The following request creates an index with one primary, one replica, and two search replicas:
PUT /my-index
{
"settings": {
"index": {
"number_of_shards": 1,
"number_of_replicas": 1,
"number_of_search_replicas": 2,
}
}
}
Option 2: Update the search replica count for an existing index
Use this option when you have an existing index and want to add or modify search replicas. This is useful when you need to adjust your search capacity based on changing workload demands.
The following request updates the search replica count:
PUT /my-index/_settings
{
"settings": {
"index": {
"number_of_search_replicas": 1
}
}
}
Option 3: Restore an index from a snapshot with search replicas
Use this option when you’re restoring an index from a snapshot and want to configure search replicas during the restore process. This is particularly useful for disaster recovery scenarios or when migrating indexes between clusters.
The following request restores an index from a snapshot with search replicas:
POST /_snapshot/my-repository/my-snapshot/_restore
{
"indices": "my-index",
"index_settings": {
"index.number_of_search_replicas": 2,
"index.replication.type": "SEGMENT"
}
}'
Additional configuration
After setting up basic workload separation, you can fine-tune your configuration to optimize performance and resource utilization. The following settings allow you to control search routing, automatically scale replicas, and manage write workloads based on your specific needs.
Enforce cluster-level search request routing
When search replicas are enabled, all search traffic is routed to them by default. The following request enforces or relaxes this routing behavior:
PUT /_cluster/settings
{
"persistent": {
"cluster.routing.search_replica.strict": "true"
}
}
The cluster.routing.search_replica.strict
setting supports the following options:
true
(default): Route only to search replicas.false
: Allow fallback to primary/write replicas if needed.
Automatically scale search replicas
Use the auto_expand_search_replicas
index setting to automatically scale search replicas based on the number of available search nodes in the cluster. For more information, see Index settings.
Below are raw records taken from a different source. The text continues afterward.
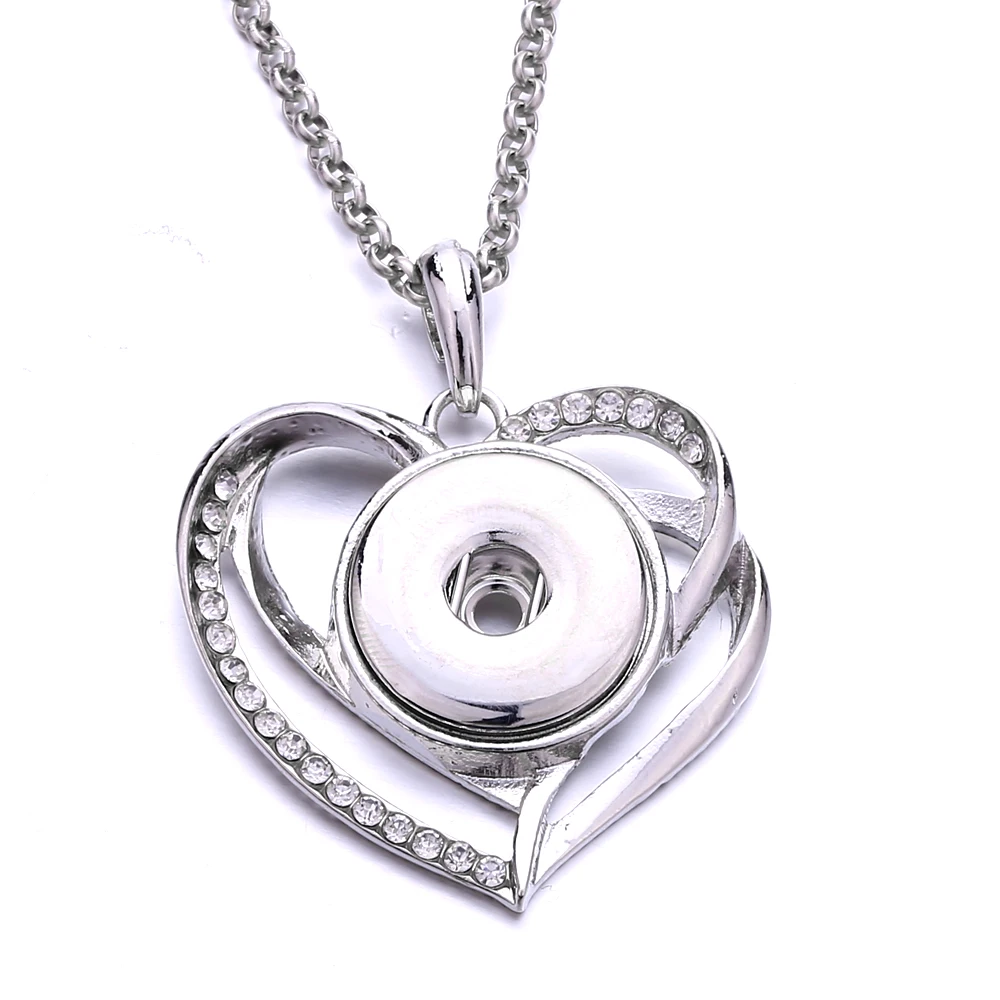 10pcs Snap Jewelry Necklaces Vintage Metal Love Heart 18mm Snap Button Pendant Necklace for Women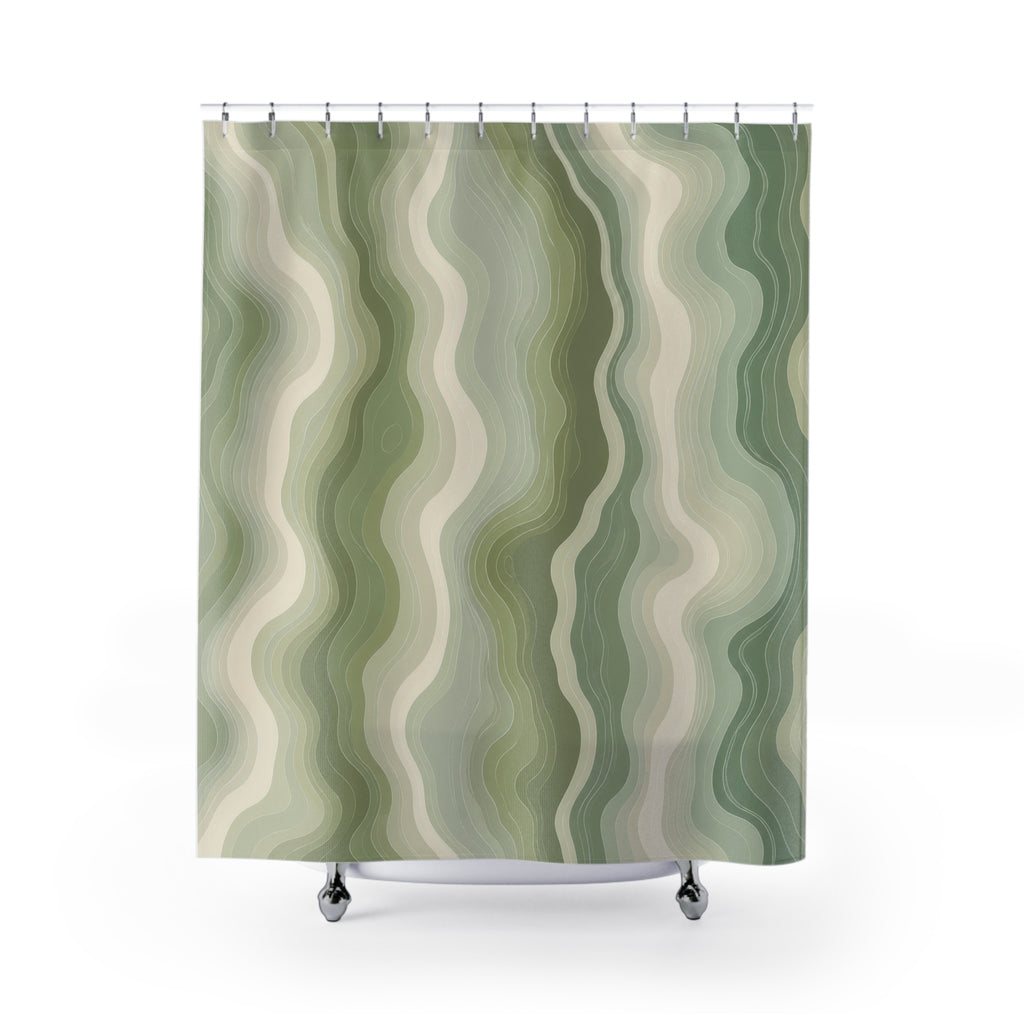 Sage green organic contour line pattern on an ivory ground shower curtain with full front view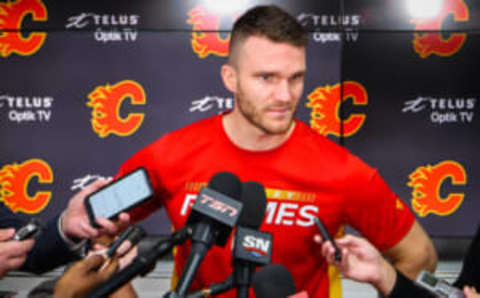 Oct 25, 2022; Calgary, Alberta, CAN; Calgary Flames center Jonathan Huberdeau (10) during interview in the locker room after the game against the Pittsburgh Penguins at Scotiabank Saddledome. Mandatory Credit: Sergei Belski-USA TODAY Sports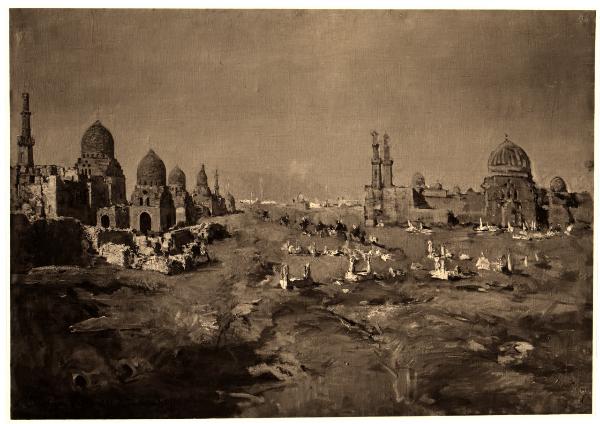 Pompeo Mariani, Le tombe dei califfi al Cairo, olio su tela (1891)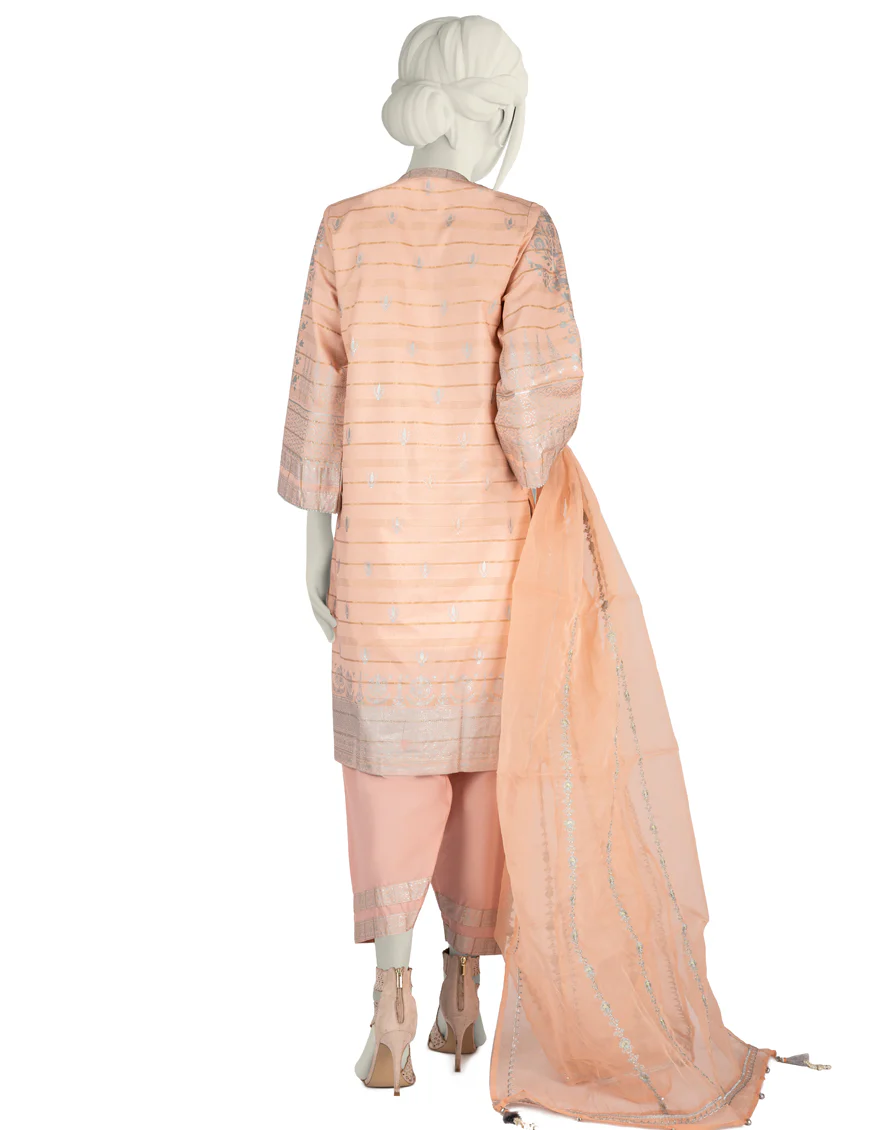 PEACH ZARI 3PC STITCHED | JLAWN-S-US-22-266/S STARLA - Image 2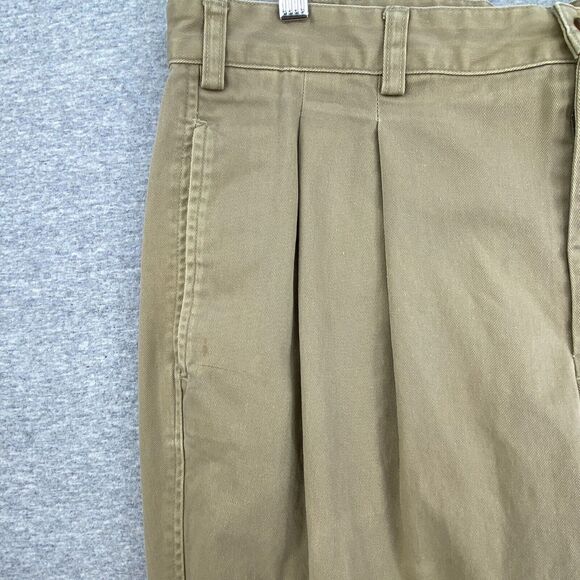 Brooks Brothers Pants Mens 36 X 30 Khaki Pleated Front Cuffed Straight Leg - Picture 4 of 10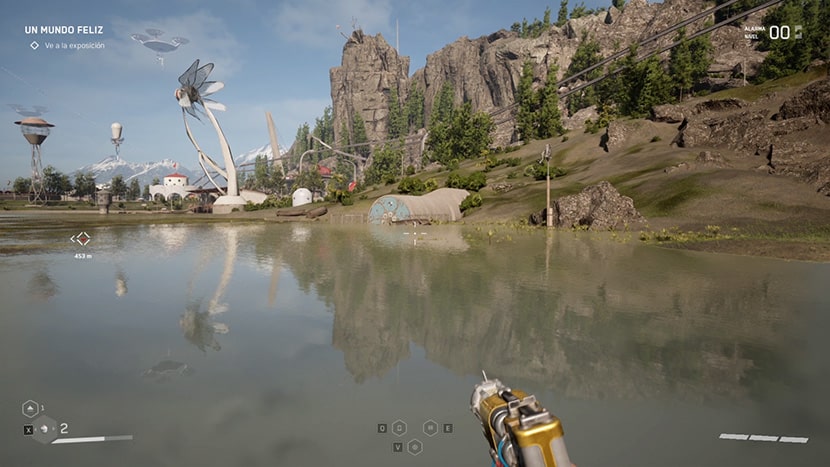 Un lago dentro del escenario del juego Atomic Heart.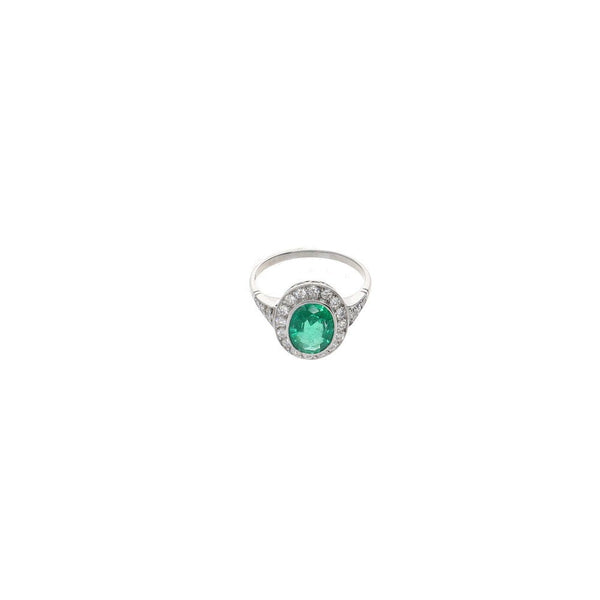Anillo Oro Blanco Esmeralda AN8990 - Joyería Rometsch
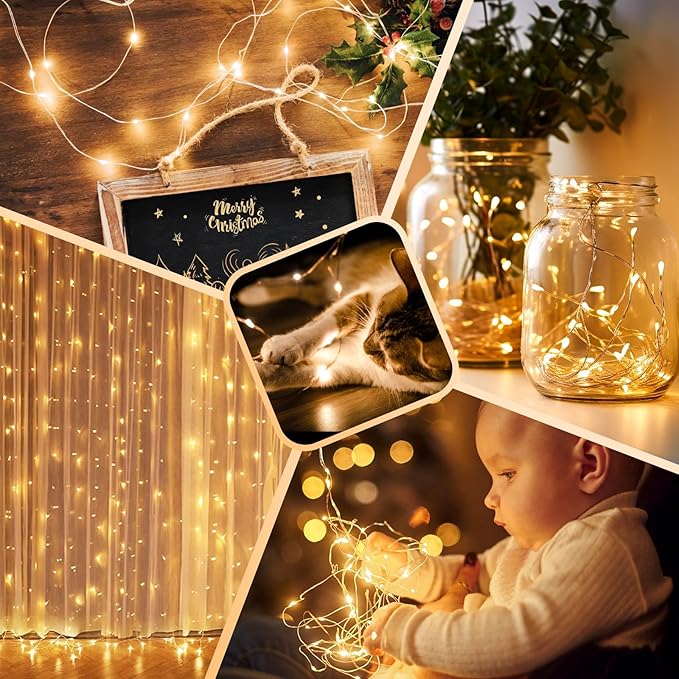 4 Pack 100 LED Fairy Lights Battery Operated with Timer & Remote, 33FT Waterproof Twinkle Lights Indoor Outdoor, Fairy String lights for Bedroom Classroom DIY Wedding Christmas Decorations, Warm White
Turn off write workloads with search-only mode
You can use the _scale
API to turn off primary shards and write replicas for an index when you don’t need to write to it. This approach works well for write-once, read-many scenarios like log analytics, where you can reduce resource usage by keeping only search replicas active.
The following request turns on search-only mode by deactivating write replicas:
POST my_index/_scale
{
"search_only": true
}
The following request turns off search-only mode by activating write replicas:
POST my_index/_scale
{
"search_only": false
}
Search replica recovery scenarios
OpenSearch handles recovery of search replicas in search-only mode differently depending on the configuration.
Scenario 1: Persistent data directory with remote store state disabled
When you use a persistent data directory and set cluster.remote_store.state.enabled
to false
, search replicas recover automatically after node restarts.
Scenario 2: Remote store state enabled without a persistent data directory
When cluster.remote_store.state.enabled
is set to true
and there is no persistent data directory, OpenSearch recovers search replicas without requiring primaries or write replicas. Because remote store state is enabled, OpenSearch retains the index metadata after a restart. The allocation logic skips the active primary check for search replicas, allowing them to be allocated so that search queries remain functional.
Scenario 3: Remote store state enabled with a persistent data directory
This configuration provides seamless recovery. In search-only mode, with both a persistent data directory and cluster.remote_store.state.enabled
set to true
, OpenSearch starts only search replicas—excluding primaries and write replicas—ensuring the index can be queried after restart.
Scenario 4: No persistent data directory and remote store state disabled
When both the persistent data directory is missing and cluster.remote_store.state.enabled
is set to false
, all local state is lost on restart. OpenSearch has no metadata reference, so the index becomes unrecoverable.